Кроме того, криминологи выяснили, что на детоубийства толкает и отношение крестьян к семейным связям. Например, юрист М. Андреев объяснял взаимоотношения между незаконнорожденностью, крестьянской моралью и детоубийством через экономику. По его словам, брак приносил в крестьянскую семью добавочного работника, тогда как незаконнорожденный ребенок считался всего лишь лишним ртом. Из-за этой «отсталой» экономической схемы незаконнорожденность продолжала считаться «позором», что и подталкивало на совершение детоубийств. Андреев приходит к выводу, что только изменения в крестьянской морали и повышение экономической самостоятельности женщин – как это, по его мнению, уже происходило в городах – позволит искоренить детоубийства на селе [Андреев 1928: 138, 143–144]. Аналогичным образом В. Хонин отмечал, что детоубийство в советском обществе – это результат живучести в крестьянской среде традиционных «буржуазных» представлений о семье, браке и «женской чести», при том что представления эти идут вразрез с достижениями революции. Он предлагал активнее вести пропаганду в массах, которая подчеркивала бы правомочность гражданских браков и то, что внебрачные дети – это не позор [Хонин 1926:622][313]
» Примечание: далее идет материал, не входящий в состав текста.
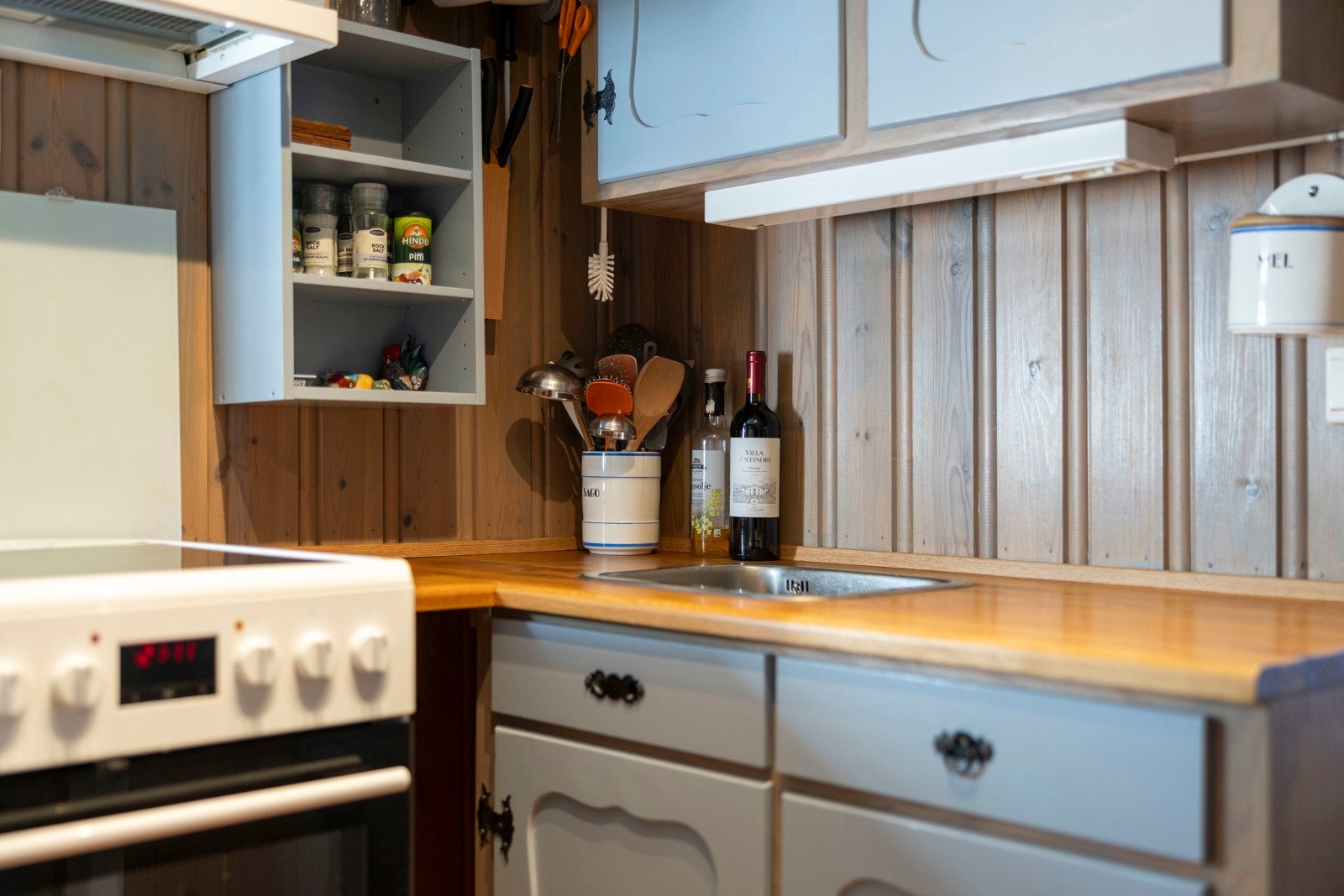 Løsningen byr på godt med skap- og arbeidsplass, supplert av åpne hyller som gir både praktisk lagring og en hyggelig hyttefølelse. Galleribilde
. Соответственно, детоубийства должны были исчезнуть, когда сельские жители откажутся от своих устаревших взглядов и осознают советскую политику, нацеленную на поддержку матерей-одиночек с помощью пособий и детских учреждений.Детоубийство ярко высвечивало противоречия между новой социалистической моралью и традиционными крестьянскими ценностями. Криминологи отмечали, что возросшая свобода сексуальных нравов приводит к большему количеству нежелательных беременностей, поэтому детоубийства продолжают происходить в деревне, «где особенно сильны начала старого быта, в силу более медленного темпа социалистической перестройки деревенской культуры» [Маньковский 1928:263]. Новые представления о сексе привели к возникновению «легкомысленного отношения к половым отношениям» [Познышев 1928: 161], и хотя криминологи считали, что сексуальные отношения на селе стали более свободными, управляющие ими экономические структуры и мораль остались прежними. Более того, в деревне, как отмечал Гернет, община «смотрит на беременность вне брака совсем не теми глазами, как большие города; здесь девушка-мать несет на себе непомерную тяжесть осуждения общественного мнения деревни и ищет спасения в детоубийстве» [Гернет 1927: 19]. Соответственно, беременные незамужние крестьянки оказывались в изоляции, один на один со своим позором, им не к кому было обратиться за советом или помощью. Горожанки, напротив, могли воспользоваться опытом и познаниями подруг, плюс в городе были определенные институты помощи неимущим матерям-одиночкам. Из этого криминологи делали вывод, что, тогда как сельские жительницы прибегали к детоубийству, горожанки пользовались более рациональными и современными альтернативами, такими как аборты и детские приюты [Гернет 1922а: 193; Андреев 1928: 137][314]
.В своем представлении о детоубийстве как результате «отсталости и невежества» крестьянок криминологи делали упор на преобразующем потенциале социалистической системы. Согласно советской идеологии, преступность являлась «пережитком прошлого» и должна была исчезнуть после построения социализма. Для криминологов детоубийство воплощало в себе живучесть устарелой морали и представлений в среде крестьян и в особенности крестьянок. То, что детоубийство продолжает существовать, служило доказательством, что женщины медленно воспринимают те реформы, которые большевики провели с целью им помочь. Впрочем, криминологи не усматривали в этом доказательства провала большевистских реформ, только свидетельство живучести старых преставлений и знак того, что нужно активнее заниматься просвещением женщин касательно их прав и превращением их в активных, сознательных и ответственных советских гражданок.